Some users on social media complained that they had not received the warning at all.
The alarm was accompanied by a message reading: "This is a test of Emergency Alerts, a new UK government service that will warn you if there's a life-threatening emergency nearby."
Emergency services and the government hope to use the system to alert people to issues such as severe flooding and fires.
The 10-second alarm, which sounded even if phones were on silent, rang out at entertainment and sporting events, including Premier League football matches.
Organisers of the World Snooker Championship paused play just before the alert, while the Society of London Theatre advised its members to tell audiences to turn off their phones.
Drivers were warned not to pick up their phones during the test, and people who did not wish to receive the alerts were able to opt out in their device settings.
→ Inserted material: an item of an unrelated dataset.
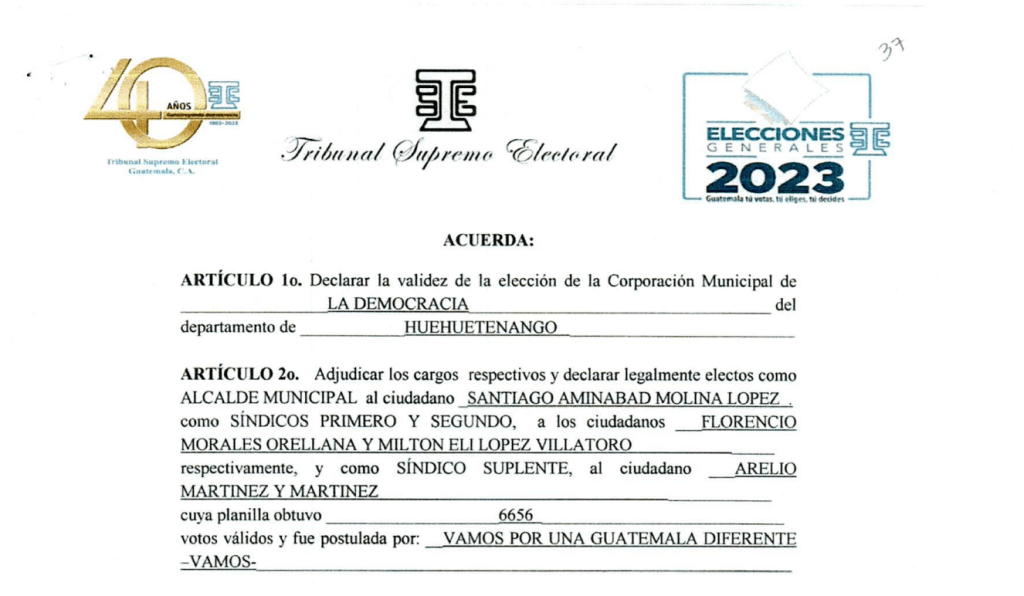 TSE alcalde La Democracia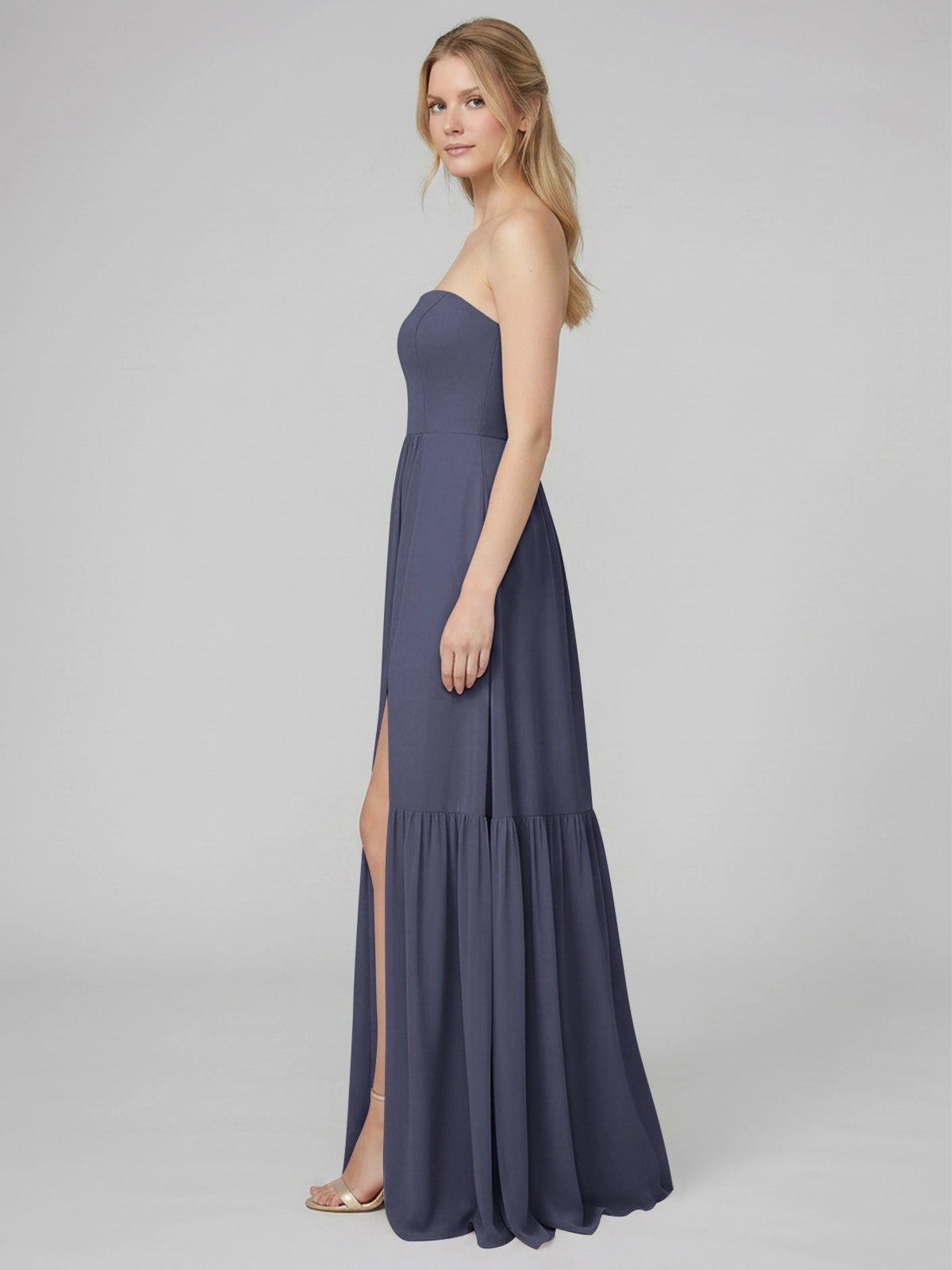 Strapless Bridesmaid Dress with Slit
"Keep Calm and Carry On. That is the British way and it is exactly what the country will do when they receive this test alert at 3:00 pm today," said Deputy Prime Minister Oliver Dowden before the test.
"The government's number-one job is to keep people safe and this is another tool in the toolkit for emergency situations."
But some Conservative figures have criticised the plan, with former minister Jacob Rees-Mogg urging people to defy the government's calls and "switch off the unnecessary and intrusive alert".
"It is back to the nanny state - warning us, telling us, mollycoddling us when instead they should just let people get on with their lives," he said.
Daily Mail columnist Sarah Vine, ex-wife of government minister Michael Gove, called the plans "terrifying".
"This Sunday, at 3 pm... the government intends to rattle our collective cages by invading our mobile phones - and our privacy - with its absurd emergency test signal. The notion is as terrifying as it is tiresome," she wrote.
"Terrifying because it's a reminder of the tyranny imposed on all of us by the technology that has invaded our homes like Japanese knotweed, infiltrating every aspect of our daily lives," she added.
Dowden sought to play down privacy and intrusion fears, saying "all people need to do is swipe away the message or click "OK".
"The test is secure, free to receive and one-way, and does not reveal anyone's location or collect personal data," he added.
Judy Edworthy, an international expert in alarm systems and psychology professor at the University of Plymouth, said the alert system was a positive development, even if its first airing may surprise people.
"Despite the message explaining it is a test, I expect some people may well be astonished," she told the domestic Press Association.
MPs also criticised the decision to hand the lucrative IT contract for the alert system to Fujitsu, the Japanese firm responsible for faulty software in the Post Office system that led to innocent sub-postmasters receiving fraud convictions.